De Olympische Spelen dienden ook als een testbank voor deze nieuwe stedelijke concepten. Het tijdelijk afsluiten van drukke verkeersaders, zoals de Place de la Concorde, voor olympische evenementen biedt de mogelijkheid om te onderzoeken of dergelijke ruimtes permanent kunnen worden omgevormd tot parken en voetgangerszones. Het idee dat de Spelen kunnen dienen als een laboratorium voor stedelijke innovatie is niet nieuw, maar Parijs heeft het naar een ander niveau getild.
Door de olympische infrastructuur te integreren in minderbedeelde wijken, wordt gestreefd naar een blijvende verbetering van de leefomstandigheden. Zo werd de enige nieuwe sporttempel, het Centre aquatique olympique, gebouwd in Aubervilliers, een departement waar slechts een op de twee middelbare scholieren kan zwemmen. Na de Spelen zullen de scholen en sportclubs van deze infrastructuur kunnen gebruikmaken.

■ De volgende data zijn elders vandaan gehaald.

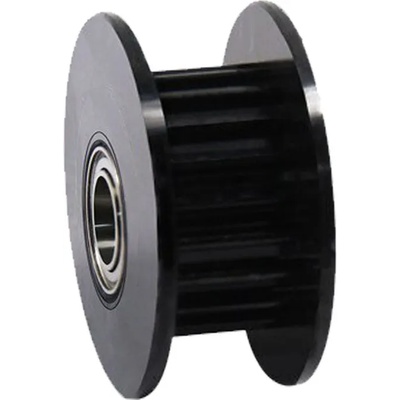 Ремъчна шайба, алуминиева с 20 зъба, d3mm, D18mm, Черна (ZD0016)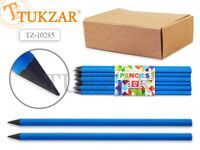 Чернографитный карандаш HB, трехгранный, голубой, заточенный, без ластика. 12 наборов по 12 шт.Производство Россия.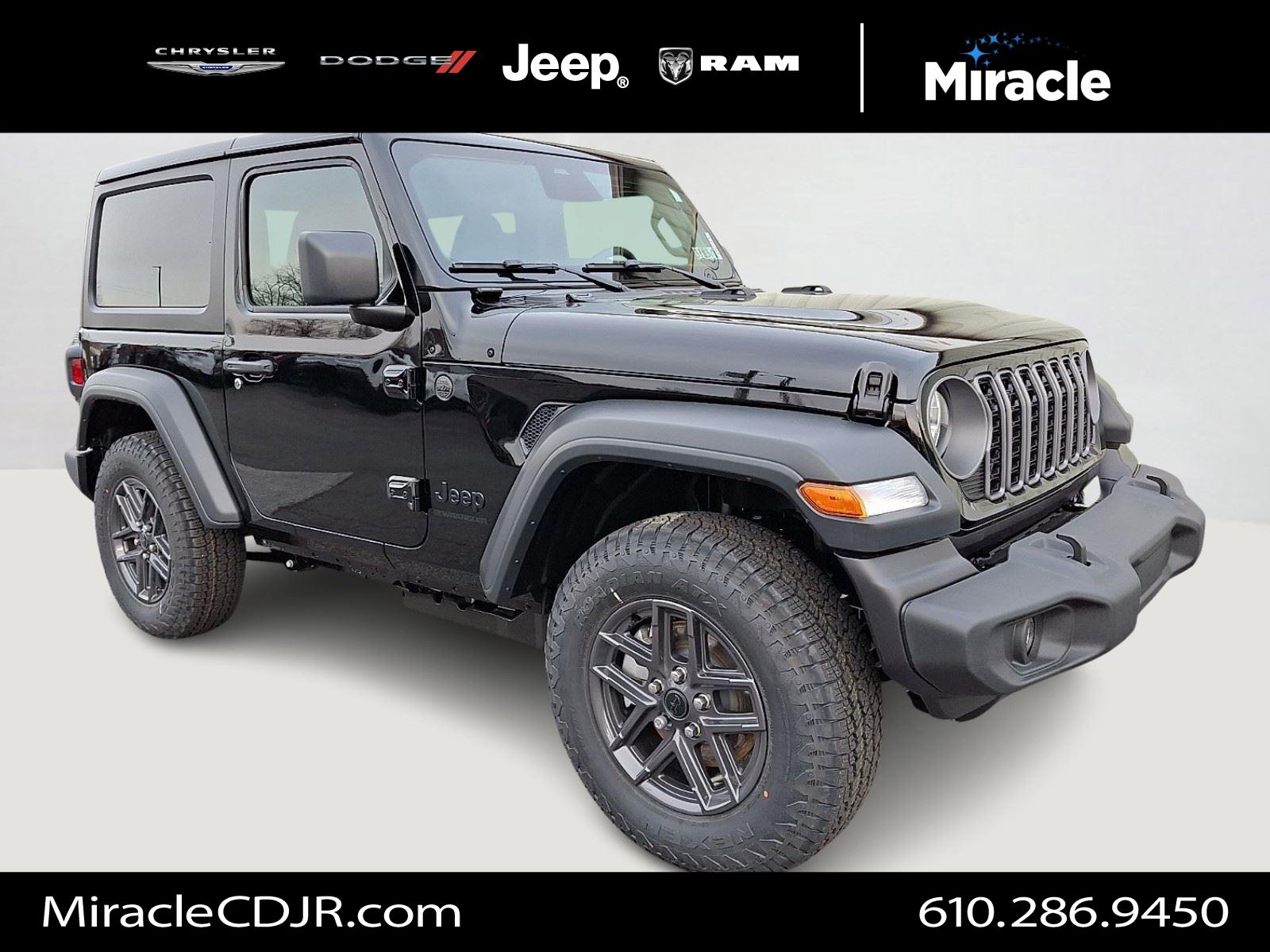 Black Clearcoat 2026 Jeep Wrangler SUV / Crossover Four-Wheel Drive 8-Speed Automatic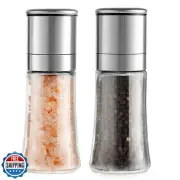 Salt and Pepper Grinder Set, Salt Grinder Pepper Mill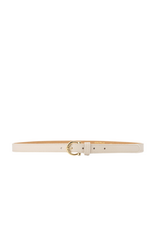 21Jewelz Smalle musthave gold detailed riem - ecru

Het zwembad is trouwens een sterk staaltje ingenieurskunde: 20 procent van het elektriciteitsverbruik wordt gedekt door het fotovoltaïsche dak, warmteterugwinning uit een nabijgelegen datacenter houdt het zwembadwater op temperatuur en de tribunezitjes zijn gemaakt van gerecycled plastic van lokaal ingezameld afval.
Ook het nieuwe olympische dorp in Saint-Denis zal na de Spelen worden omgevormd tot een gemengde woonwijk, met betaalbare en levensloopbestendige woningen, een park van 3 hectare, scholen, politie- en brandweerbasis, en recreatieve voorzieningen.
Toch is niet alles rozengeur en maneschijn. De herontwikkelingen hebben ook kritiek gekregen, vooral van degenen die vrezen dat gentrificatie de armere bewoners uit hun wijken zal verdrijven. Ondanks deze zorgen blijft het feit dat Parijs erin geslaagd is om de Spelen te gebruiken als een hefboom voor stedelijke vernieuwing, en niet enkel als een tijdelijke show voor de wereld. Deze Olympische Spelen toonden aan dat ware winst niet alleen te meten is in goud, zilver of brons, maar ook in de ruimtelijke en duurzame vooruitgang van een stad. Parijs heeft haar gouden medaille verdiend – en deze zal nog lang schitteren.